→ GOAL OF THE EXERCISE: From the entries below, output the line with "Casual Basic Terra" and each following line up to and including the line with "Herschel Supply Co.", exactly as written.

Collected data
⁂
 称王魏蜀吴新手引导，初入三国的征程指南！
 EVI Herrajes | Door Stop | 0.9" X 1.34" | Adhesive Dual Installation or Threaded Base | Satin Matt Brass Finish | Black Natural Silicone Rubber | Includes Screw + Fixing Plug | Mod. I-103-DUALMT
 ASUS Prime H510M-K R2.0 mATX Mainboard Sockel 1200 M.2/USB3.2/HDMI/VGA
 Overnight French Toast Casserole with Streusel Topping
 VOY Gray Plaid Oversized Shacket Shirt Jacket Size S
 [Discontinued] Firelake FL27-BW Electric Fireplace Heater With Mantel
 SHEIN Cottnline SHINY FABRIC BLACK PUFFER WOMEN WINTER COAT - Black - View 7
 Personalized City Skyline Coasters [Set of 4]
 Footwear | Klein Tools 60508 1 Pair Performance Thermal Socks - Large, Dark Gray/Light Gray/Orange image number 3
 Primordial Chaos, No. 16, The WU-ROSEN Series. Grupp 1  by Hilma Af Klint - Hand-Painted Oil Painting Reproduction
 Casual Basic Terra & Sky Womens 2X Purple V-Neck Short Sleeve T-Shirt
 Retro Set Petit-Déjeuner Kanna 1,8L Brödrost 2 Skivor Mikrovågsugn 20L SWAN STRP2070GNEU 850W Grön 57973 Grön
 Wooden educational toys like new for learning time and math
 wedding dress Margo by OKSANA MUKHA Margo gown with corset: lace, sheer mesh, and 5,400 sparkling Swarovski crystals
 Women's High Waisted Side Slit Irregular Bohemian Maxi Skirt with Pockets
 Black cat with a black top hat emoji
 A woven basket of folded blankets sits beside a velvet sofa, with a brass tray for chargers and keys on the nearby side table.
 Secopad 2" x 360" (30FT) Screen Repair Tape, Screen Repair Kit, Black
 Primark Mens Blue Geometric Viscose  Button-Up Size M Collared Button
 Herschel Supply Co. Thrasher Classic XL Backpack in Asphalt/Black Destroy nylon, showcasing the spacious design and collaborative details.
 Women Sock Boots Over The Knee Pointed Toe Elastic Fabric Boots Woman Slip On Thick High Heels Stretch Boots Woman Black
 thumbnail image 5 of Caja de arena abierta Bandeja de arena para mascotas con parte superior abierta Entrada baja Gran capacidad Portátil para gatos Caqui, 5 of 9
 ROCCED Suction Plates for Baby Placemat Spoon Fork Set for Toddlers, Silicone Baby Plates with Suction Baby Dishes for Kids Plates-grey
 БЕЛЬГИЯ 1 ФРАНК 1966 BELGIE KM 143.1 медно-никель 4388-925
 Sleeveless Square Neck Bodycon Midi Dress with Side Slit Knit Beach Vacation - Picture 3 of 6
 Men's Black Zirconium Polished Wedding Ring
⁂
→ WORKED SOLUTION:
 Casual Basic Terra & Sky Womens 2X Purple V-Neck Short Sleeve T-Shirt
 Retro Set Petit-Déjeuner Kanna 1,8L Brödrost 2 Skivor Mikrovågsugn 20L SWAN STRP2070GNEU 850W Grön 57973 Grön
 Wooden educational toys like new for learning time and math
 wedding dress Margo by OKSANA MUKHA Margo gown with corset: lace, sheer mesh, and 5,400 sparkling Swarovski crystals
 Women's High Waisted Side Slit Irregular Bohemian Maxi Skirt with Pockets
 Black cat with a black top hat emoji
 A woven basket of folded blankets sits beside a velvet sofa, with a brass tray for chargers and keys on the nearby side table.
 Secopad 2" x 360" (30FT) Screen Repair Tape, Screen Repair Kit, Black
 Primark Mens Blue Geometric Viscose  Button-Up Size M Collared Button
 Herschel Supply Co. Thrasher Classic XL Backpack in Asphalt/Black Destroy nylon, showcasing the spacious design and collaborative details.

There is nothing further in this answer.